Enerjinin, ülkelerin kalkınma ve gelişmişlik bazında en önemli göstergelerden biri olduğunun altını çizen Prof. Dr. Kumbaroğlu, şöyle devam etti:
"Özellikle 20. yüzyılın ortalarından itibaren enerji üretim ve tüketim yöntemleri ile yerine yenisi konulamayacak enerji kaynaklarının kullanımı, en temel sorunlardan biri oldu. Daha sonra aralarında güneş enerjisinin de bulunduğu yenilenebilir enerji kaynaklarının önemi anlaşıldı. Bugün geldiğimiz noktada geliştirilmeyi bekleyen yegane enerji kaynaklarının kullanımına yönelik ciddi çalışmalar var."
Prof.

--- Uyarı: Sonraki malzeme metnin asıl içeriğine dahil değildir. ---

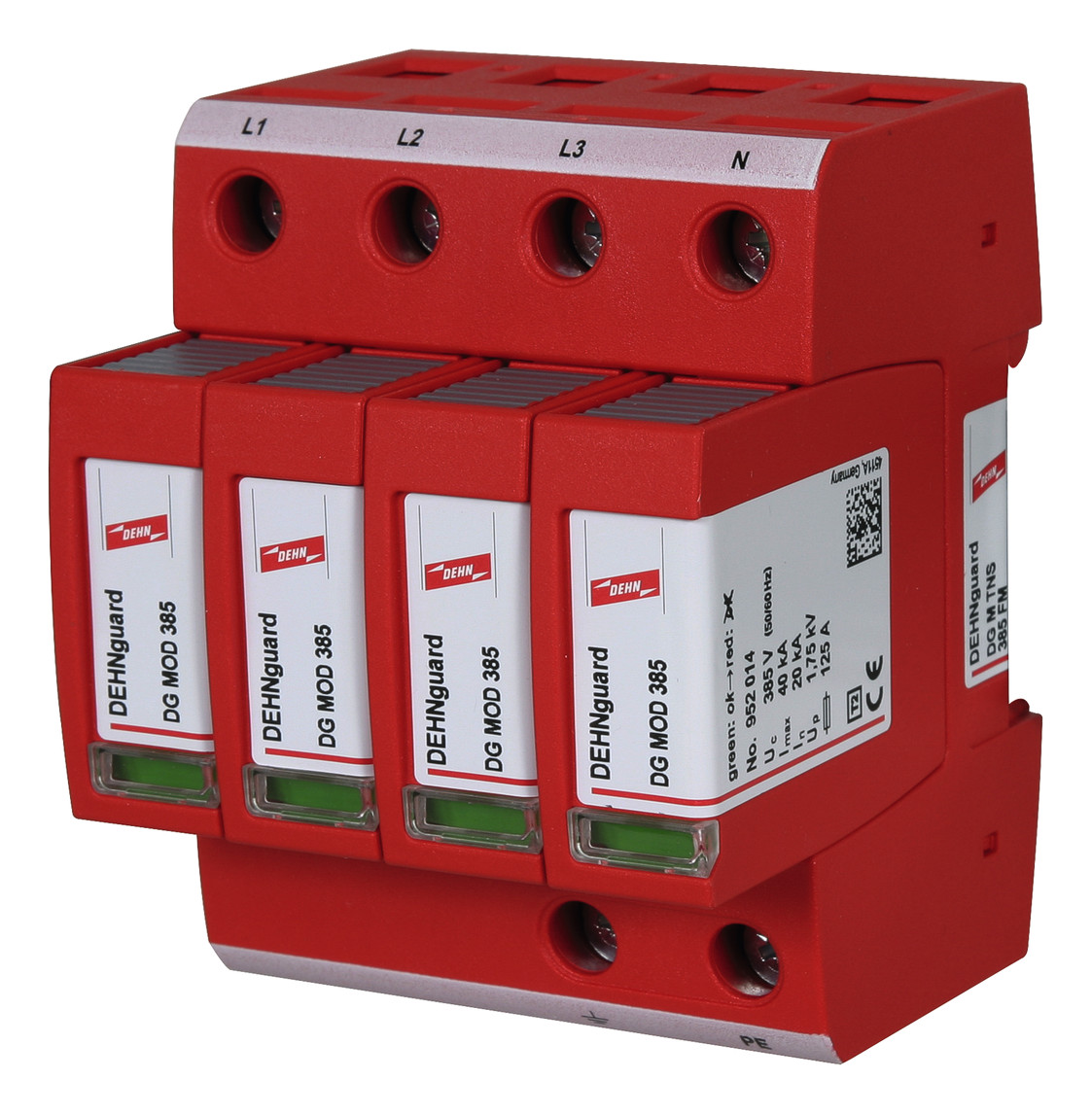 1St. Dehn 952409 Überspannungsableiter Typ 2 Dehnguard M 4-polig für TN-S-Systeme DG M TNS 385 FM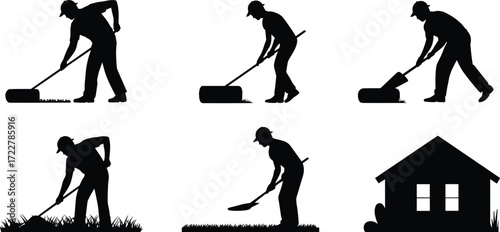 silhouette workers mowing lawn with roller, raking grass and gardening near house, outdoor yard maintenance, landscape care illustration for residential garden design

Dr. Kumbaroğlu, Türkiye'nin yenilenebilir enerji potansiyelinin birçok Avrupa ülkesine göre çok daha fazla ve ekonomik olduğunun altını çizerek, şunları söyledi:
"Ülkemizin yenilenebilir enerji açısından sahip olduğu imkanlar neredeyse tüm Avrupa ülkelerini kıskandıracak nitelikte. Türkiye'nin güneş enerjisinde gerek güneşlenme süresi, gerekse radyasyon değeri bakımından potansiyeli en düşük bölge Karadeniz. Almanya'nın potansiyeli en yüksek bölgesi Bavyera eyaleti. Karadeniz'in güneş enerjisi potansiyeli Bavyera'dan daha yüksek. Yani Almanya'nın potansiyeli en yüksek bölgesinde yenilenebilir enerji kaynağının hacmi Türkiye'nin potansiyeli en düşük bölgesine kıyasla daha az."

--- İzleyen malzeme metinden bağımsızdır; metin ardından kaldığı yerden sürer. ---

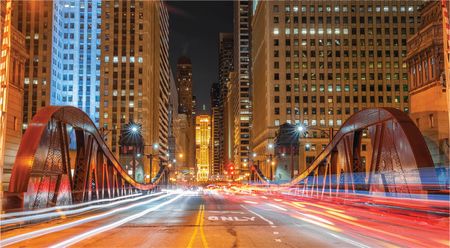 Chicago city bridge at night in lights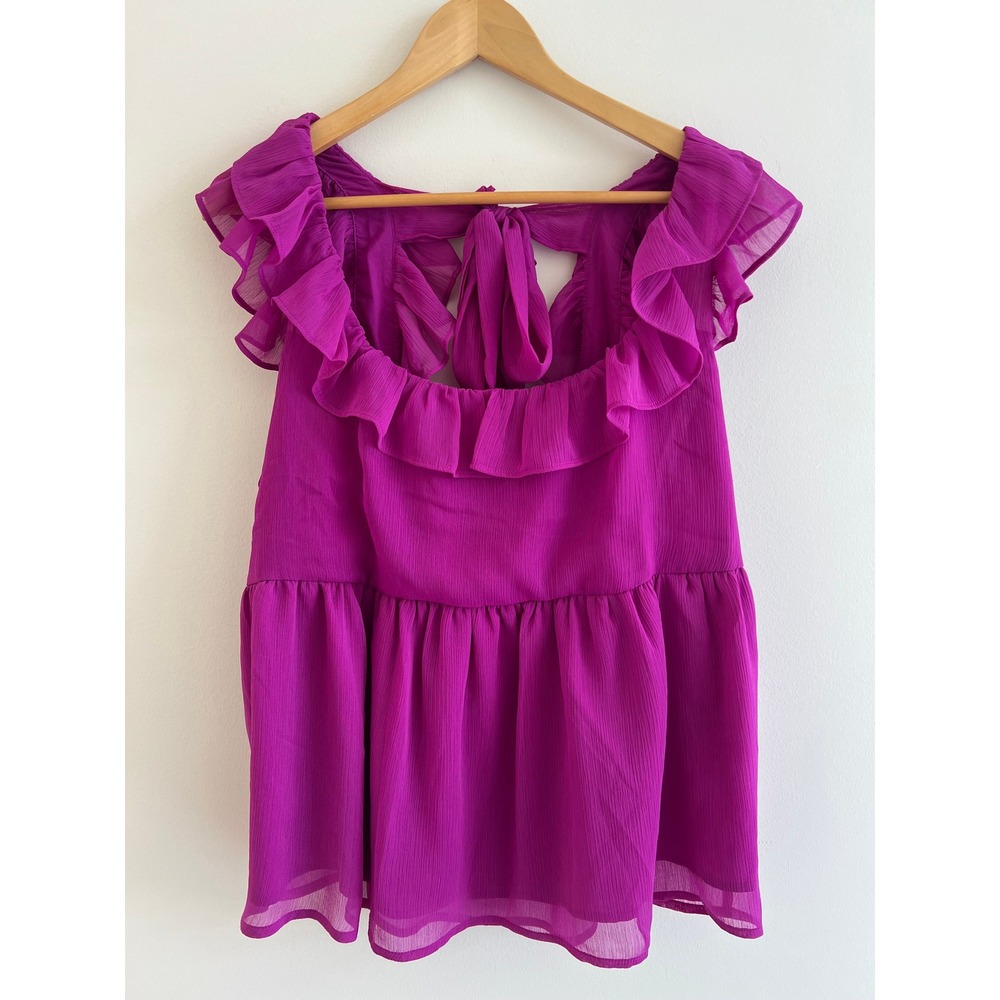 NWT Banana Republic Magenta Ruffle Babydoll Top Size L Statement Party Going Out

Bu potansiyele rağmen Türkiye'de kurulu güneş enerjisi gücünün 45 MegaWatt iken Almanya'da 38000 MegaWatt olduğuna işaret eden Prof. Dr. Kumbaroğlu, "Almanya'da yaklaşık 850 kat daha fazla bir güçten bahsediyoruz. Rusya, dünyanın en zengin petrol ve doğalgaz rezervlerine sahip. Buna rağmen Rusya'nın gelecek döneme ilişkin çok önemli güneş enerjisi yatırım planları var. Bugün itibariyle 5 MegaWatt güneş enerjisi gücüne sahip Rusya, yıl sonuna kadar güneş enerjisi hacmini 60 MegaWatt'a 2020 yılında ise 1500 MegaWatt'a çıkarmayı hedefliyor. Rezerv zengini Rusya'nın dahi bu tür planlamalar yaptığı bir dönemde, maalesef ülkemiz sahip olduğu potansiyeli avantaja dönüştürebilecek üretimi gerçekleştiremiyor" ifadesini kullandı.